Seemingly over-anxious to continue his involvement in the construction of the Point Fortin Highway, new National Security Minister Jack Warner has taken what some people see as precipitate and inappropriate action in calling out the army to destroy the camp of the Highway Re-route Movement. Indeed, former attorney general Ramesh Lawrence Maharaj has questioned the legality of the action of the National Security Minister.
Mr Warner said at a news conference on Wednesday that he checked with the new Minister of Works and Infrastructure, Senator Emmanuel George whether he wanted the construction of the highway to resume its original speed-that is before work was stopped for consultation with the protesters.
When Mr George said yes, Mr Warner called the Chief of Defence Staff, Mr Maharaj, and asked for an army contingent to go at 5.30 am yesterday to demolish the camp. The National Security Minister did not say anything about how the police became involved, but reports and pictures from the site indicate that a contingent of police officers was also on the scene.
Mr Warner did not reveal at his news conference yesterday how the police contingent arrived at the Debe camp. It would be interesting to find out if he also called the Commissioner of Police and made the same "request" for police to be part of the team which demolished the camp, and on what basis.
In appointing Mr Warner last week, Prime Minister Persad-Bissessar called him a "man of action." And as is well known from the history of his involvement locally with the T&T Football Federation and from his decades as a senior executive of FIFA, Mr Warner gets things done quickly and effectively. However, acting quickly is different from acting appropriately.
In the circumstances, therefore, the constitutional experts must say if Mr Warner was within his remit as a minister, or did he overstep the bounds in effectively ordering the head of the defence force to send a squad of army officers?
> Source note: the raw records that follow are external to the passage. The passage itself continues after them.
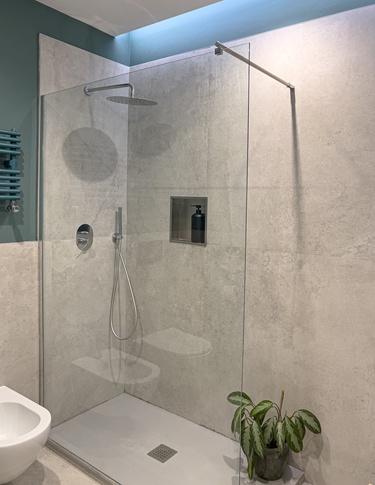 Bagno in stile contemporaneo di 6 di FRdesign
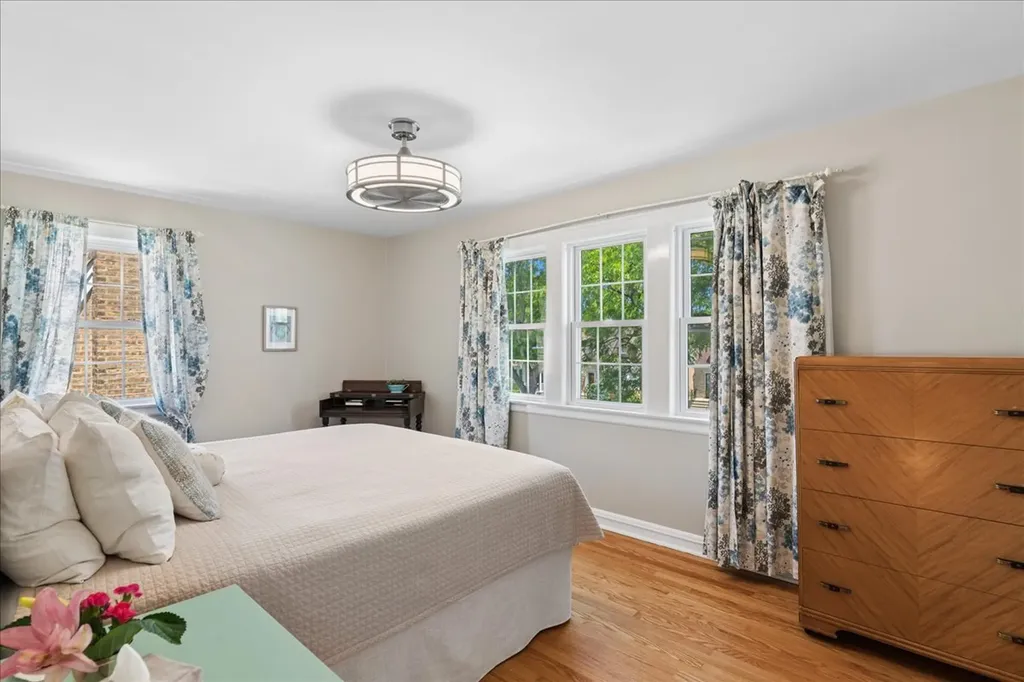 3242 North New England Avenue Chicago IL 60634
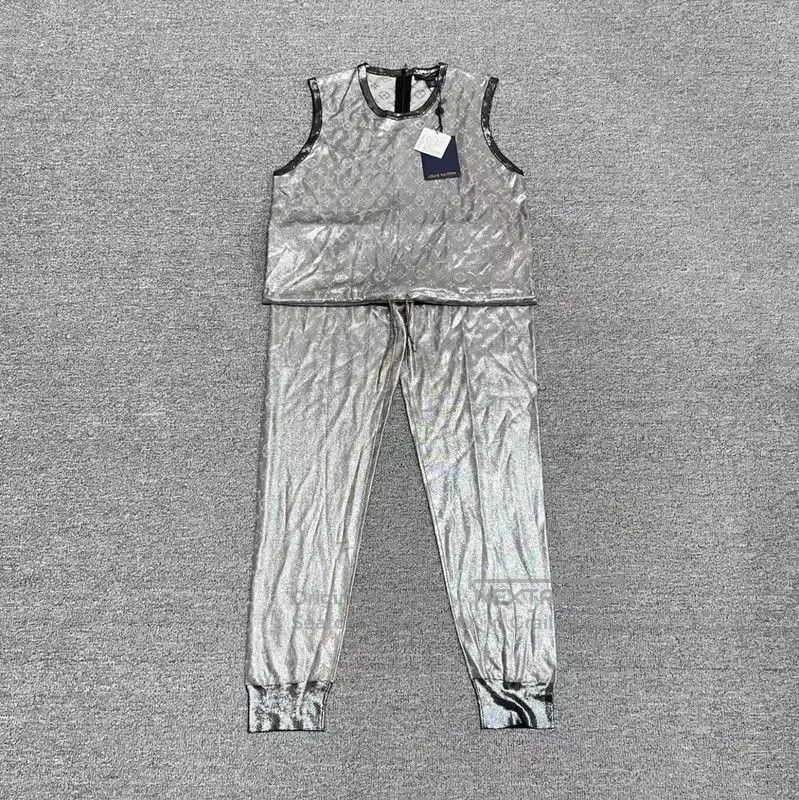 Louis Vuitton Louis Vuitton Silver Monogram Jumpsuit . Size US 30 / EU 46 - 1 Thumbnail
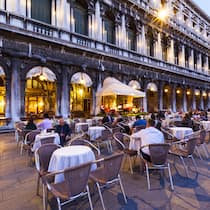 Venedig, Italien: Vom Caffè Florian geniesst man den Blick auf den Markusdom.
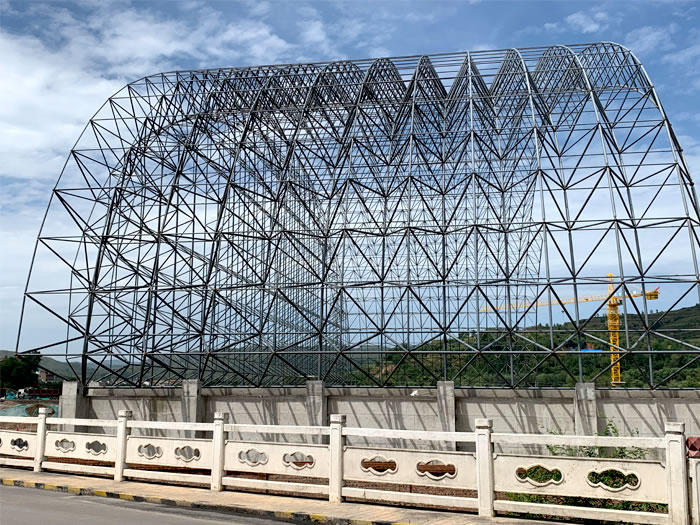 淮安山寨礦儲煤棚網(wǎng)架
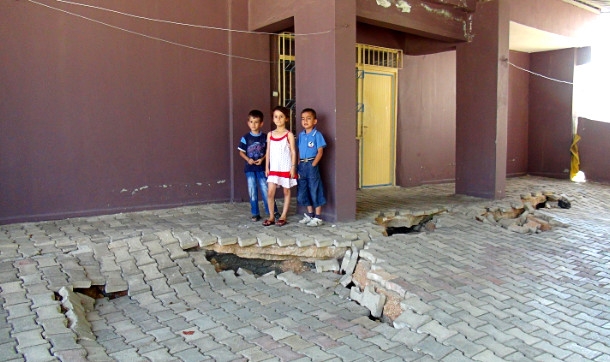 Mahalle yavaş yavaş çöküyor, vatandaşlar yetkililerden yardım bekliyor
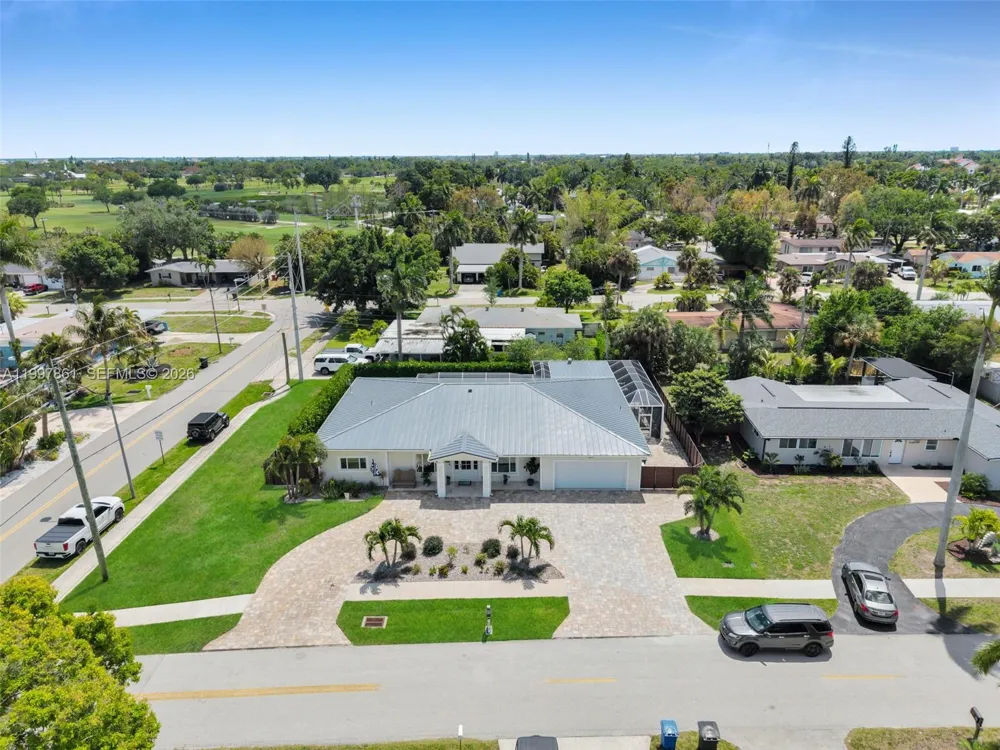 1574 Ricardo Fort Myers, FL 33901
In his previous role of Works Minister, Mr Warner crossed swords with the protesters more than once. By his latest action, he now attracts the suspicion that his first move in his new ministry has been to use the new powers conferred on him by that portfolio to enact a vendetta against members of the Highway Re-Route Movement who verbally roughed him up at consultations and meetings.
No one is saying that the new National Security Minister should not take swift and decisive action. In fact, even many of Mr Warner's detractors are hoping that by exercising his much-vaunted characteristic energy he will be able to make a dent in crime where so many of his predecessors have failed.
But while it is quite clear that action is needed from the new national security minister, the kind of action that the population is longing for is a comprehensive and drastic campaign against the criminal activities of gangs and their members, the incessant murders, drug-trafficking, robberies, and other forms of serious crime.
While the anti-highway protesters may sometimes be dramatic, there is no question that they are criminals or that they raise fear in the hearts of law-abiding citizens. Most assuredly, if Mr Warner had instigated action by the security forces against criminal organisations there would have been almost unanimous commendation. That is where the minister has to focus his action-not on people exercising their democratic right to protest peacefully in a lawful cause.